Dans son rapport, rendu public, mercredi 7 avril, à Bruxelles, le think tank indépendant estime que le Maghreb ne peut plus être considéré uniquement comme un «bouclier» pour l’Europe, mais doit s’insérer dans un réel partenariat régional, puis dans une logique de coopération avec l’UE afin de faire face aux défis communs que sont la gestion de l’immigration, la lutte contre les trafics, l’insécurité au Sahel, ainsi que la résolution du conflit au Sahara Occidental.

S’attaquer au chômage des jeunes
Le rapport appelle l’UE à renforcer sa coopération avec les pays du Maghreb et du Sahel pour lutter contre le «terrorisme et les nouvelles formes de criminalité émergentes» dans la région. Il invite également l’UE à «renforcer les moyens de lutte contre ces nouvelles menaces dans leur dimension maghrébo-sahélienne élargie».
L’instabilité de l’ensemble de la zone sahélienne, «où se croisent trafiquants et groupes terroristes, est devenue un danger commun» pour les pays de la région comme pour l’UE, souligne le rapport, ajoutant que «la recrudescence d’enlèvements de ressortissants occidentaux contre le paiement de rançons est «révélatrice de cette tendance».
«Toutefois, le développement et la sécurité durables imposent de s’attaquer en parallèle aux causes du problème», relèvent les auteurs du document. Parmi ces causes, ils insistent sur le chômage des jeunes. «Selon la Banque mondiale, il faudrait créer dans la région, entre 2000 et 2020, 16 millions d’emplois de plus pour les nouveaux arrivants sur le marché du travail et, si l’on tient compte du niveau de chômage, 22 millions d’emplois. En 2006, le taux de chômage du Maghreb se situait en effet à 12,8%, avec des chiffres bien plus élevés chez les jeunes : 37% au Maroc, et 66% en Algérie et en Tunisie. Cette gravité du chômage, à laquelle s’ajoute d’importantes inégalités économiques (…), alimente les tensions sociales», notent-ils, estimant par ailleurs que «ce n’est qu’en donnant un espoir de réussite sociale aux jeunes que l’on tarira à terme les filières de recrutement tant des réseaux criminels que des groupes terroristes».

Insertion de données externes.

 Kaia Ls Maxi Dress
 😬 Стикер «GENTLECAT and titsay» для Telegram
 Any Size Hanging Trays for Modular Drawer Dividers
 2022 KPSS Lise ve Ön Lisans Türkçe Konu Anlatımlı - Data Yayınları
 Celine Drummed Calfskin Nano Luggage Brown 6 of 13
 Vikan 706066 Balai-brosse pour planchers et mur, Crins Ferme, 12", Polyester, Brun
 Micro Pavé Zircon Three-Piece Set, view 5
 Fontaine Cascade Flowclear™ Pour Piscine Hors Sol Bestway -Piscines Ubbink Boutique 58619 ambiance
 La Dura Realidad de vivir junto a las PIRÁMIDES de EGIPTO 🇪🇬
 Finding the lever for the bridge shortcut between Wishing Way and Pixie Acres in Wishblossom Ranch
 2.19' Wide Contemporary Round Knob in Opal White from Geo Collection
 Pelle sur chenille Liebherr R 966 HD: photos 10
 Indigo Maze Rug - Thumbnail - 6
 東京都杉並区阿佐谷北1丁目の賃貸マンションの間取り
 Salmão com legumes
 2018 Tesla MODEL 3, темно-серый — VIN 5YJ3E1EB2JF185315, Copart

Développer la coopération régionale
L’Institut Thomas More est également d’avis que le conflit du Sahara occidental est «source d’instabilité dans la région et demeure un frein au développement d’une coopération régionale pourtant indispensable». Ce dernier sujet, estiment les experts de l’institut, constitue la principale pomme de discorde du Maghreb, et entrave toute tentative de coopération intra-maghrébine, qui est absolument nécessaire pour le développement de la région dans son ensemble. Et pour cause : «La Tunisie à elle seule perdrait environ 20 000 emplois par an du fait de la non-existence de l’UMA et le manque à gagner en termes d’Investissements directs étrangers (IDE) est estimé à 3 milliards de dollars par an pour l’ensemble de la région alors qu’ils devraient au contraire être attirés par une zone de presque 100 millions de consommateurs».
Le think tank conclut en faisant remarquer qu’en définitive, «la construction d’une sécurité durable dans la région implique une approche multidimensionnelle, incluant les aspects sécuritaires aussi bien que politiques et économiques,  dans une vision bilatérale et régionale qui soit «profitable à tous». Elle implique notamment un appui européen aux réformes sociales et économiques, ainsi que son soutien au développement économique et à l’acquisition de biens d’infrastructures.